======== INPUT MATERIAL ========
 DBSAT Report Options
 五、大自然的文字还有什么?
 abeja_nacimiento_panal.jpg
========
======== INPUT MATERIAL ========
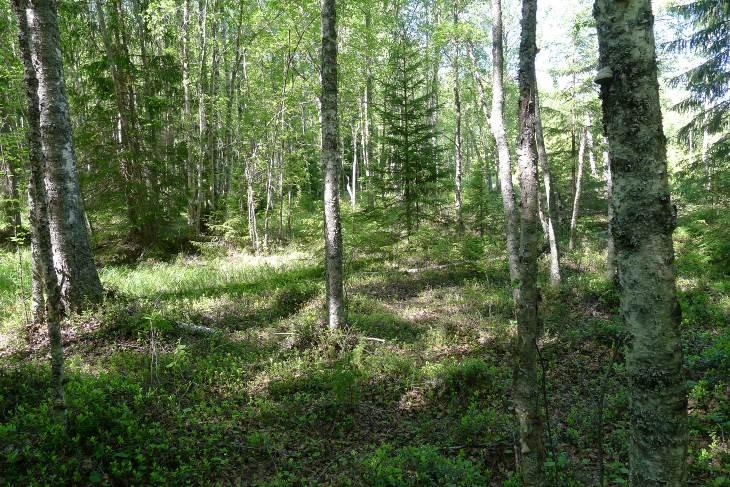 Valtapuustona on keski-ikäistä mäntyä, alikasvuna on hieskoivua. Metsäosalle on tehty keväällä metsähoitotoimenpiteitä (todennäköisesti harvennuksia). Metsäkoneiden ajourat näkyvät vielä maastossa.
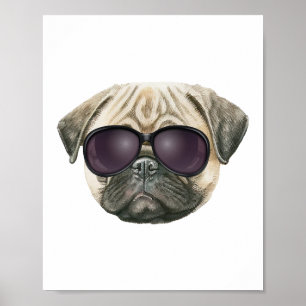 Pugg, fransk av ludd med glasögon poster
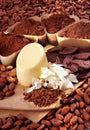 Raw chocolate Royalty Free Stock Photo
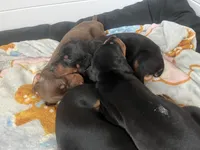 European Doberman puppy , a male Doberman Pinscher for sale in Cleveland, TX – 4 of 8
========
WORK REQUEST -> With the pictures omitted, copy exactly the lines of the listing above starting at the line containing "Valtapuustona on keski-ikäistä" and ending at the line containing "Raw chocolate Royalty Free Stock Photo", both included.

COMPLETED EXERCISE ->
 Valtapuustona on keski-ikäistä mäntyä, alikasvuna on hieskoivua. Metsäosalle on tehty keväällä metsähoitotoimenpiteitä (todennäköisesti harvennuksia). Metsäkoneiden ajourat näkyvät vielä maastossa.
 Pugg, fransk av ludd med glasögon poster
 Raw chocolate Royalty Free Stock Photo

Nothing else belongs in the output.